Yes, Schnitzer with M Gmbh together. 

They are attending with two teams (in E1 class)

Team One : Hans-Joachim Stuck, Boris Said and John Nielsen
Team Two : Jorg Müller, Dirk Müller and Claudia Hürtgen.


----------



## F1Crazy (Dec 11, 2002)

That's great, I hope thay kick A$$!


----------



## Alex Baumann (Dec 19, 2001)

Here are *real* pictures as they unload the car from the truck (taken with a cell phone cam, sorry for the poor quality)




























_Pictures are courtesy of Blackengel_


----------



## Raffi (May 18, 2002)

Sweet sweet sweet!  I hope they kick some major @ss on the track!


----------



## Chris330Ci (Jan 23, 2002)

:yumyum: I can't wait. Is it just me, or does that wing look huge? :yikes:


----------



## Alex Baumann (Dec 19, 2001)

Chris330Ci said:


> *:yumyum: I can't wait.
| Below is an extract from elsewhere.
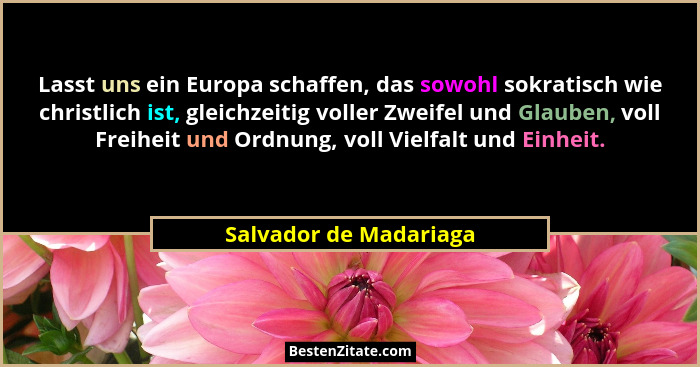 Lasst uns ein Europa schaffen, das sowohl sokratisch wie christlich ist, gleichzeitig voller Zweifel und Glauben, voll Freihei... - Salvador de Madariaga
Is it just me, or does that wing look huge? :yikes: *


It doesn't look huge, it IS huge  :bigpimp:


----------



## TGray5 (Jan 22, 2002)

Anyone know when the race will be on TV?:dunno:


----------



## Alex Baumann (Dec 19, 2001)

StahlGrauM3 said:


> *Anyone know when the race will be on TV?:dunno: *


I don't know if it's going to be broadcasted in the USA.

I hope they do 

It is on Saturday

at 3:00pm CET (Central European Time)
9:00am on the East Coast
6:00am on the West Coast


----------



## WILLIA///M (Apr 15, 2002)

StahlGrauM3 said:


> *Anyone know when the race will be on TV?:dunno: *


It doesn't show up on a search at speedtv.


----------



## Seneca (Feb 13, 2003)

Here's a German website with some good photos of the car and the happenings at the Nordschleife:

http://www.nurburgring.de/

I spoke with both Boris and Hans at Lime Rock and they are feeling pretty confident about the race. Hans said the biggest problem is the amount of cars, and the fact that many of the drivers don't know the 'Ring very well - especially for driving in the dark. Boris is pretty comfortable with the track layout now, but is hoping that it doesn't rain.


----------



## TGray5 (Jan 22, 2002)

Last year, Speed broadcast it in a one hour special, a long time after the race


----------



## GimpyMcFarlan (Aug 13, 2002)

*Hmmmm...*

Doesn't Speed have a live call in show late Friday nights hosted by Dave Despain called Wind Tunnel? Maybe we should all call in / e-mail in about why it is not being broadcast! I can understand why it isn't live since there is an F1 race this weekend, but it should at least be on tape delay sometime this weekend.


----------



## TGray5 (Jan 22, 2002)

*Re: Hmmmm...*



GimpyMcFarlan said:


> *Doesn't Speed have a live call in show late Friday nights hosted by Dave Despain called Wind Tunnel? Maybe we should all call in / e-mail in about why it is not being broadcast! I can understand why it isn't live since there is an F1 race this weekend, but it should at least be on tape delay sometime this weekend.  *


Good idea Gimpy...just sent SpeedTV an email through their feedback section of their website....everyone take a moment to do same! I also requested that they play the Speed World Challenge races sooner.


----------



## F1Crazy (Dec 11, 2002)

I'm sure they will show some highlights few weeks later, I guess we'll have to enjoy regular portion of Nascar till then...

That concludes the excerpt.